= William Allen (actor) =

English actor

William Allen (died 1647) was a prominent English actor in the Caroline era. He belonged to both of the most important theatre companies of his generation, Queen Henrietta's Men and the King's Men.

Allen was a member of the Queen Henrietta's company through the main phase of its existence, from 1625 to 1636. Six cast lists for five plays survive for the company; Allen is one of only two men (the other being Michael Bowyer) who is included in all six lists. Allen played major roles:

- Captain Landby in Shirley's The Wedding
- Pandolph in Davenport's King John and Matilda
- Grimaldi the Renegado in Massinger's The Renegado
- Hannibal in Nabbes's Hannibal and Scipio
- Mullisheg in Heywood's The Fair Maid of the West (both parts).

The Queen Henrietta's company was disrupted and fractured by the long theatre closure from May 1636 to October 1637, due to a severe outbreak of bubonic plague. Allen was one of several members of the troupe who disappear from the surviving records in the later 1630s; he may have been among a quartet of Queen's actors who travelled to Dublin with James Shirley to work at the Werburgh Street Theatre there.

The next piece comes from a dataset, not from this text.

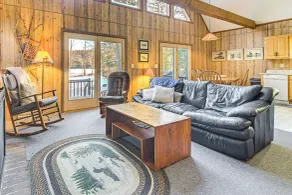 Private Lakefront & Boat Launch! Maine Family Home - Interiør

Allen was certainly in London c. 1640, when he was one of the five former Queen's players who became actors and sharers in the King's Men around that time. Allen and the others were named Grooms of the Chamber in January 1641. After the theatres were closed in September 1642at the start of the English Civil War, Allen, like several other members of the company (Charles Hart, Nicholas Burt, and William Robbins), became an officer in the Royalist army. Allen served as a "major and quartermaster-general at Oxford." He was one of the ten King's Men who signed the dedication of the first Beaumont and Fletcher folio in 1647, the year of his death.